EPA's new rule makes it easier to upgrade utilities, refineries and other industrial facilities without installing additional pollution controls.
The rule, which was proposed last December and signed by EPA's administrator in August, was made final on Monday. It will take effect in two months, and states have up to three years to comply.
EPA said in a statement it does not believe this rule will result in significant changes in emissions and that it "preserves the public health protections" under law.
However, attorney generals for the 12 states — New York, Connecticut, Maine, Maryland, Massachusetts, New Hampshire, New Mexico, New Jersey, Pennsylvania, Rhode Island, Vermont and Wisconsin — and legal officers for New York City, Washington, D.C., New Haven and several other cities in Connecticut said the new regulations will weaken protections for the environment and public health.
They argued only Congress can make sweeping changes to such a bedrock law.

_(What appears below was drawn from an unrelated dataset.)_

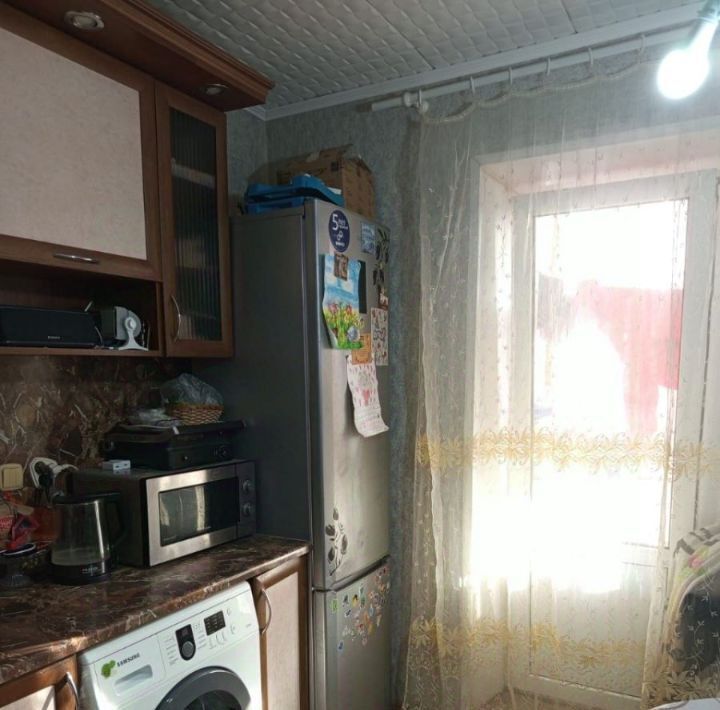 квартира г Волгодонск пр-кт Курчатова 26 фото 9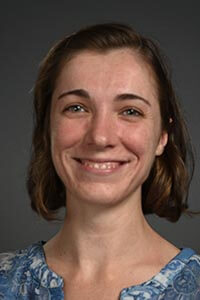 Image of Hannah Jackson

"We are not going to sit by quietly and allow the energy interests in this country to receive special treatment while so many of our children and elderly are needlessly suffering from respiratory problems that are, in essence, brought on by bad environmental policy," Massachusetts Attorney General Tom Reilly said.
The rule broadens EPA's interpretation of "routine maintenance" for older plants. Before the rule change, operators who did anything more than routine maintenance were required to add more pollution-cutting devices.
Under the new rule, industrial facilities avoid paying for expensive emissions-cutting devices for up to 20 percent of the replacement costs for key equipment.
New York Attorney General Eliot Spitzer (search) called the rule "an attack" on the Clean Air Act.
"The president is taking the nation in the wrong direction on environmental policy," Spitzer said.
Scott Segal, director of the Electric Reliability Coordinating Council (search), a group of power companies which support the rule change, argued it will clarify regulations and that "no litigation from the Northeast attorneys general can produce anything but confusion."
The lawsuit was filed in the U.S. Court of Appeals for the District of Columbia. A similar group of states also filed suit in that court to challenge a previous batch of the administration's related changes to the Clean Air Act.